Dari Indonesia hingga fulus Amerika
Makanan khas Indonesia banyak dan mudah di temui di Timor Leste.
Pemandangan rumah makan Padang di Dili, Timor Leste merupakan hal lumrah. Hampir di setiap sudut, jalan mudah ditemui restoran khas sajian masakan minang. Tak terkecuali dengan Pecel Lele, sama seperti dengan rumah makan Padang, makanan khas Jawa Timur ini pun mudah di temui di daerah Kota Dili, Timor Leste.
Bukan hanya makanan khas Indonesia itu ada di Timor Leste, kebanyakan produk-produk kebutuhan pokok pun berasal dari Indonesia. Jumlahnya pun mendominasi. Misal seperti rokok maupun minuman ringan, berbagai merek termasuk tempat pembuatan pun masih berasal dari Indonesia. Banyak produk-produk asal Indonesia, beredar di Timor Leste.
"Karena memang Indonesia adalah negara yang terdekat dan paling mudah untuk distribusi barang," ujar Fatimah Ramos, salah seorang warga asli Timor Leste saat berbincang dengan merdeka.com, Jumat pekan lalu.
Namun maraknya barang-barang buatan Indonesia tentu harganya tidak sama seperti peredarannya di wilayah Ibu Kota. Harga barang-barang kebutuhan pokok lebih mahal ketimbang harga jualnya di Indonesia. Bukan tanpa sebab mahalnya harga bahan pokok di daerah Timor Leste, penggunaan mata uang Dolar Amerika Serikat (USD) menjadi pemicunya. Misalkan untuk harga air mineral, untuk satu botol air kemasan 300 mili liter dijual seharga USD 1. Padahal di Indonesia, nilai jualnya masih sekitar Rp 3500 dengan ukuran yang sama.
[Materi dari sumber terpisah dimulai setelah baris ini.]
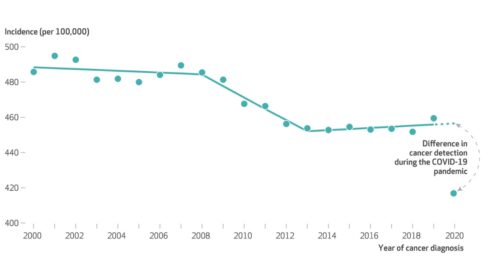 The Missing Case of Cancer Screening Data - Public Health Post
Selain air mineral, untuk harga rokok pun lebih mahal ketimbang dengan Indonesia. Kebanyakan rokok dijual seharga USD 2 perbungkus. Sedangkan untuk makanan, harganya bervariatif, mulai dari USD 3 sampai dengan USD 6 per porsi. Termasuk juga penginapan di daerah Kota Dili, harganya mencapai USD 175 per malam.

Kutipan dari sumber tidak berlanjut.